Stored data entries
—————
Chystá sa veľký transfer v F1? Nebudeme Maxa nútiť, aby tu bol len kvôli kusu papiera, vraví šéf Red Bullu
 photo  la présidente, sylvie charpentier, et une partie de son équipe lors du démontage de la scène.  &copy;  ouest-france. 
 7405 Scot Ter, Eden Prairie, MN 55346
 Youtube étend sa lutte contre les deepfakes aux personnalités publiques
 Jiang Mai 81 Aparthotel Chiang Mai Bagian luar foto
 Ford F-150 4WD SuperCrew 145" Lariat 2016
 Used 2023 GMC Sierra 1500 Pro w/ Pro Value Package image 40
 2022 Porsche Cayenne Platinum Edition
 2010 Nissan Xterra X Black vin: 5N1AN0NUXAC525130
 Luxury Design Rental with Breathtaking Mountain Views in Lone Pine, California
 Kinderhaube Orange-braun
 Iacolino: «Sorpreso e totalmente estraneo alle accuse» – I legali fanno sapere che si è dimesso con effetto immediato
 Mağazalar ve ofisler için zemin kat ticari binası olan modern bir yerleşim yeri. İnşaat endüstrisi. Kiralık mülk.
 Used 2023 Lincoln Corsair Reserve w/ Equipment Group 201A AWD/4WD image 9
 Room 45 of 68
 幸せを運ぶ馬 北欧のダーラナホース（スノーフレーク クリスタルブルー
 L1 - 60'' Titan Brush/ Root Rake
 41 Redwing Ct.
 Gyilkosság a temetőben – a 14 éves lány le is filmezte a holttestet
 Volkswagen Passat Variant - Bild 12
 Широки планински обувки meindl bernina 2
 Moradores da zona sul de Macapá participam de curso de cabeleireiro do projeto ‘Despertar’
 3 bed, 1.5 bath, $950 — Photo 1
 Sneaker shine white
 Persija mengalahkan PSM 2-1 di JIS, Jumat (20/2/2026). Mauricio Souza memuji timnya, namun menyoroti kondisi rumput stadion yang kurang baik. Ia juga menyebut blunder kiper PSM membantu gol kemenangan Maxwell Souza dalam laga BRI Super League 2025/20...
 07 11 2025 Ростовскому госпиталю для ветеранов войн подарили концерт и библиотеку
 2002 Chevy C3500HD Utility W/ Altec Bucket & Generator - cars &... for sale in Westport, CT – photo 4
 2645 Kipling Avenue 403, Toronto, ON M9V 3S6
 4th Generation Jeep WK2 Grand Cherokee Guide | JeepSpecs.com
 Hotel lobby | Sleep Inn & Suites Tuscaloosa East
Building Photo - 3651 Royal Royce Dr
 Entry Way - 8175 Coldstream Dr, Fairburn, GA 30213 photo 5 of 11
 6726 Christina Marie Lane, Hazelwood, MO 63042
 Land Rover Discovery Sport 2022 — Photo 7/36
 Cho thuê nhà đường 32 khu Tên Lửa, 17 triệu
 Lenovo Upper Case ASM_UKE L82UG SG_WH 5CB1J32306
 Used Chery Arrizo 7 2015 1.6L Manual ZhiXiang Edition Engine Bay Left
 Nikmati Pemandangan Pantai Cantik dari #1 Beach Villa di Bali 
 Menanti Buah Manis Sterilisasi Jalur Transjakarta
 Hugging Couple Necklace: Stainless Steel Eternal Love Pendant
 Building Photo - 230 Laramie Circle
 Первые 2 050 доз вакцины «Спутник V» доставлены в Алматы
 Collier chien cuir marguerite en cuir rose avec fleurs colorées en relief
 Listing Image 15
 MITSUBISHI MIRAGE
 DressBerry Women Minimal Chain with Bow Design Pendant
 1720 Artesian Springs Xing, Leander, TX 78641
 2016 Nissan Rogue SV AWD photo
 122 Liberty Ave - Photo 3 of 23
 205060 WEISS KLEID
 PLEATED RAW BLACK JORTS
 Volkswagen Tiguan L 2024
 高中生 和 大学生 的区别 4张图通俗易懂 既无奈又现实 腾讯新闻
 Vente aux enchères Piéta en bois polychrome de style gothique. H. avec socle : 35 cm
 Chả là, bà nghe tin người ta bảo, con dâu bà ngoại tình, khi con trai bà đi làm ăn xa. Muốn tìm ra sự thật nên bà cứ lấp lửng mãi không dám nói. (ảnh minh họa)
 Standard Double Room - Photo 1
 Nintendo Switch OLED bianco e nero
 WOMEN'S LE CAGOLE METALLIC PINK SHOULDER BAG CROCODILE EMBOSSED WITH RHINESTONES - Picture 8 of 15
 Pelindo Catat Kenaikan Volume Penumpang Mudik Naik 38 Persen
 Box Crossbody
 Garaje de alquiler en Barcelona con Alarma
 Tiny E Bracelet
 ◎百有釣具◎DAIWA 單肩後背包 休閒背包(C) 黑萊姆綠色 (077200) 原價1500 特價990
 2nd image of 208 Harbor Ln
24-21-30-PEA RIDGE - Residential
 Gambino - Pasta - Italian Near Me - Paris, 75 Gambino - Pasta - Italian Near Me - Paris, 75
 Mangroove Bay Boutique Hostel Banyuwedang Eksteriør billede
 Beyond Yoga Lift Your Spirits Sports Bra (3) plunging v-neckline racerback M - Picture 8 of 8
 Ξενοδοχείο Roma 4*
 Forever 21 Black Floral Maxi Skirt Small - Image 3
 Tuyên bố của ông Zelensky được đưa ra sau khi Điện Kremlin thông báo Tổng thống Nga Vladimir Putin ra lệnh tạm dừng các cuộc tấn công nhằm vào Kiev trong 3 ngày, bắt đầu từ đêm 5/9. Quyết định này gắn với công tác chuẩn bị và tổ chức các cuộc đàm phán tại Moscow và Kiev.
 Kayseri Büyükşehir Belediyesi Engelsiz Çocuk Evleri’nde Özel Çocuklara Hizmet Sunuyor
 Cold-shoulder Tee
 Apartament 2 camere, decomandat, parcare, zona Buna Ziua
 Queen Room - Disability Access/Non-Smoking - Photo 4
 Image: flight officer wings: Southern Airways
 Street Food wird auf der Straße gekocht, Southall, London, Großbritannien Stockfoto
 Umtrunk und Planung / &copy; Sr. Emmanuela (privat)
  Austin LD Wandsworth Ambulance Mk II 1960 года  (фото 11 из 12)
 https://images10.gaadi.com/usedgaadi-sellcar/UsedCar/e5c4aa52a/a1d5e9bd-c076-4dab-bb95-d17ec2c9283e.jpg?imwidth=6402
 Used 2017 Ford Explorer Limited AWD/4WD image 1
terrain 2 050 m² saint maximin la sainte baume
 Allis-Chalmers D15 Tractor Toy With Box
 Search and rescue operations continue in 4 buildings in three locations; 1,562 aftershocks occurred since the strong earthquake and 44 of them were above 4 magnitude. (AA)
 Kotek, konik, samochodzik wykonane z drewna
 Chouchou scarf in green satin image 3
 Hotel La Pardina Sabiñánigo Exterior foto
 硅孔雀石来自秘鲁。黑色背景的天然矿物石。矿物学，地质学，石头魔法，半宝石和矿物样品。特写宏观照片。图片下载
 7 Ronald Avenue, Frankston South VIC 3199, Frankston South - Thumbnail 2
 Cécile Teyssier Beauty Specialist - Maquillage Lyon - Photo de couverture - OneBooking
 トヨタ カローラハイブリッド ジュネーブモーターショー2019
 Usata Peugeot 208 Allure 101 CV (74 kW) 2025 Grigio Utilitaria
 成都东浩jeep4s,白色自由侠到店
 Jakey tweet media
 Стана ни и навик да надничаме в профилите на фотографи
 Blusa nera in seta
—————
PROBLEM
Lines in the data holding the word "Edition": count them and say how many, nothing more.

EXPECTED ANSWER
2